働き者として重宝がられているタイ人従業員Aさんが、他社からお給料の4割アップをチラつかされて心が揺れているようです。ご相談にみえたK社長、「それなら給料を2割アップしたらどうだろうか」と思案顔です。さて、どうすればこのままAさんに働き続けてもらえるのでしょうか?
もしAさんのお給料を2割アップした場合、Aさんの同僚のBさんやCさんはどうなるのでしょうか?
「もちろん、BさんやCさんの給料は変わらないよ」とK社長。それは大変問題です。タイ人スタッフ同士は日本人と違って給与明細を見せ合うことも珍しくありません。Aさん1人だけの給与アップが歓迎されるわけはありません。
では、タイ人スタッフ全員について2割の昇給をするのでしょうか? そうなれば、会社にとっても大きな負担となります。さてどうしましょうか。この会社は徹夜で給与規定を変更して、Aさんを引き止め、他の従業員からも文句が出ない形でなんとか収拾できました。
◆給与規定、就業規則はきちんと整備されているか
このような事態になる前にまず一番大切なのは、それぞれのケースごとに対応するのではなく、どの社員にも公平で透明性の高い仕組みを作ることが必要です。具体的には、最初のタイ人の雇用の時点で、事前に適切な給与規定、就業規則を作成することが大変重要となっています。
タイの労働法はそもそも、労働者の方に有利なものとなっています。様々な労働法規の中で、基本となるのは労働者保護法です。労働者保護法では、労働者10人以上の雇用で就業規則の提出が定められています。そして、提出した就業規則を労働者側に不利な変更をする場合には、雇用者全員の同意が必要となります。

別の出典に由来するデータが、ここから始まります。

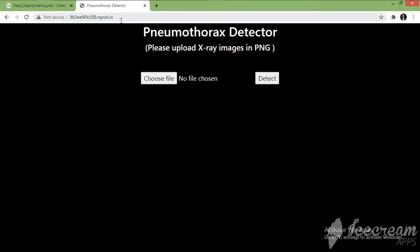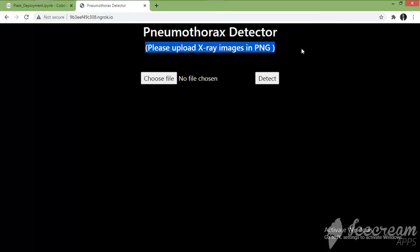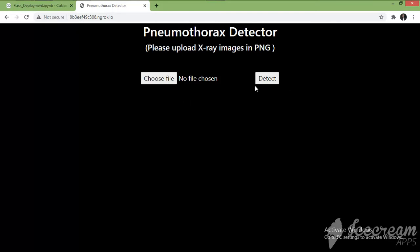When we open this page we can see some text and two buttons. 'Choose File' is for uploading the image or X-ray, and 'Detect' is for predicting whether the disease is present or not.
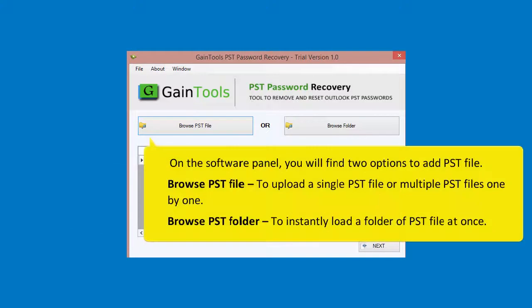On the software panel, you will find two options to add a PST file. Use Browse PST File to upload a single PST file or multiple PST files one by one. Use Browse PST Folder to instantly load an entire folder of PST files at once.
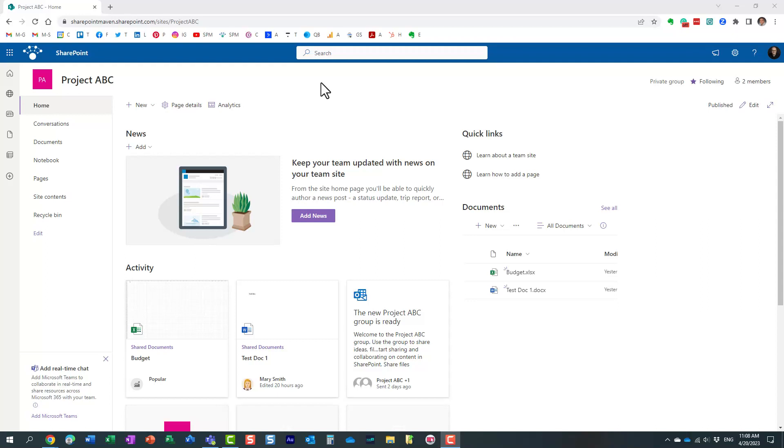Hello, this is Greg from SharePoint Maven and in today's video I would like to show you how you can create private drafts of SharePoint pages. Let me explain to you what I'm talking about.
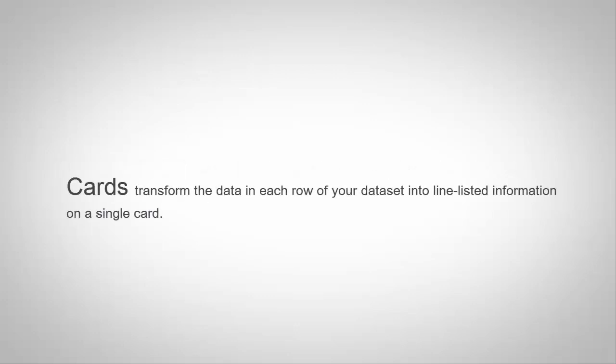The Cards tab transforms the data in each row of your dataset into line-listed information on a single card.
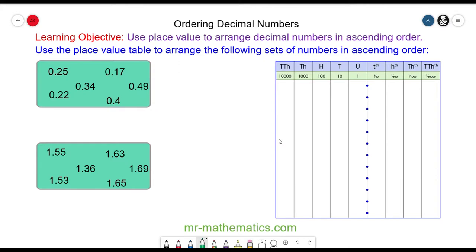Hello, in this lesson we're going to order decimal numbers using place value. We begin with the numbers in the box on screen. We have 0.25, which is zero units, two tenths, and five hundredths. We can align them all with the decimal point, which goes between the units and the tenths.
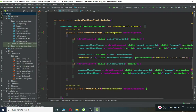Hello guys, welcome back. In the previous tutorial we allowed an online user to make calls and we displayed the receiver information to the sender. Now, by sender I mean the person who is going to make a call, and by receiver I mean the person who is going to receive a call. In this tutorial we are going to display the sender information to the receiver — letting the receiver know who is calling.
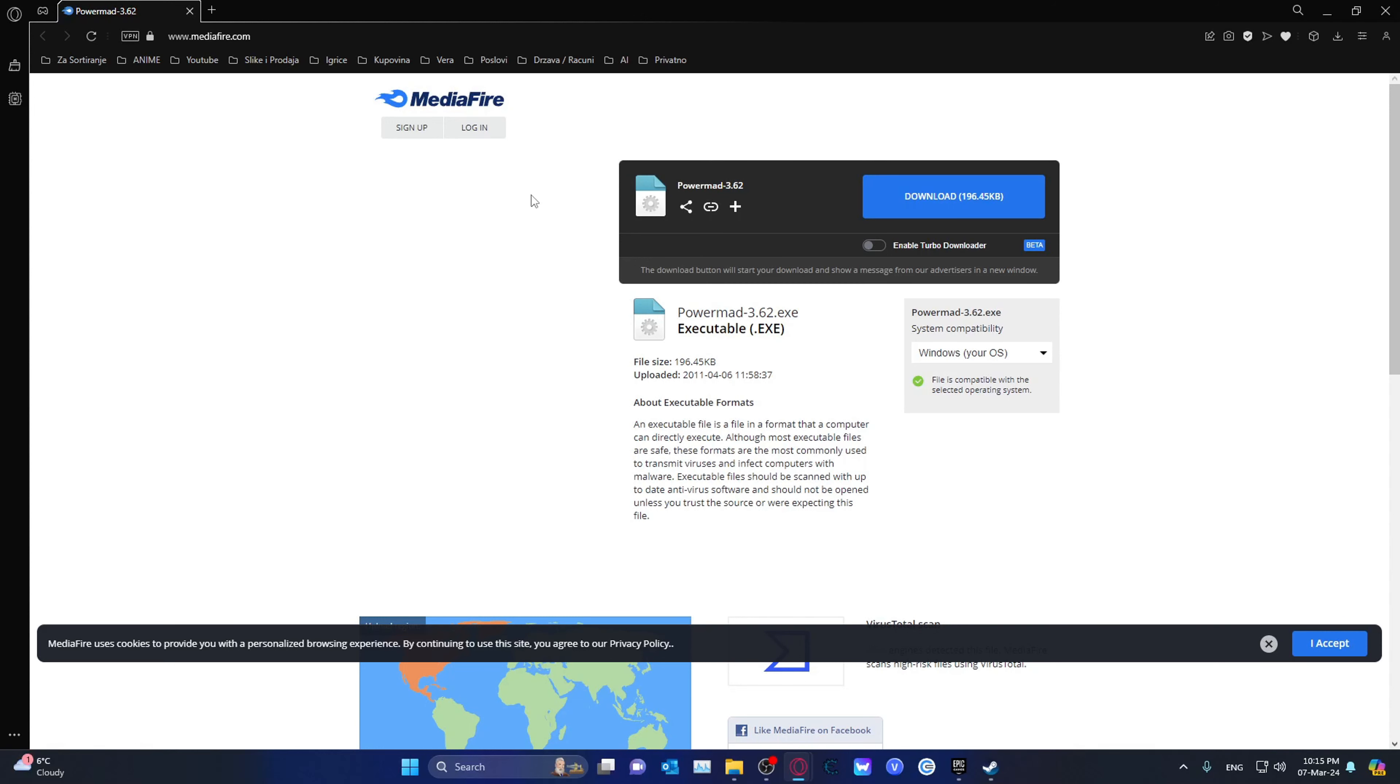Hello ladies and gentlemen, my name is TheFaceSister and welcome back to my channel. In this video, we'll be taking a look at PowerMad, which is basically a mod slash script for the Painkiller Black Edition.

一方、タイ人の「転職観」についても、日本人とはかなり違います。タイ人が職場に求めるものとして、『タイ人と働く―ヒエラルキー的社会と気配りの世界』(ヘンリー ホームズ、 スチャーダー タントンタウィー/著、めこん、2000年)では以下の「3S」を紹介しています。
・サバーイ(心地よい)
・サヌーク(楽しい)
・サドゥワック(肉体的負担が少ない)
これらを満たす職場が、タイ人にとっては良い職場と見なされるといわれています。こうしたことからも日本人経営陣にとって、タイ人にとっての良い職場環境を提供するのはなかなか難しい問題になっています。
ヘッドハンティングを含め、退職時の問題への対応は、以上の規則、状況を踏まえた上で、事前にタイ人から見ても日本人から見ても客観的に納得のいく条件を明文化して置くことが最大の防御となります。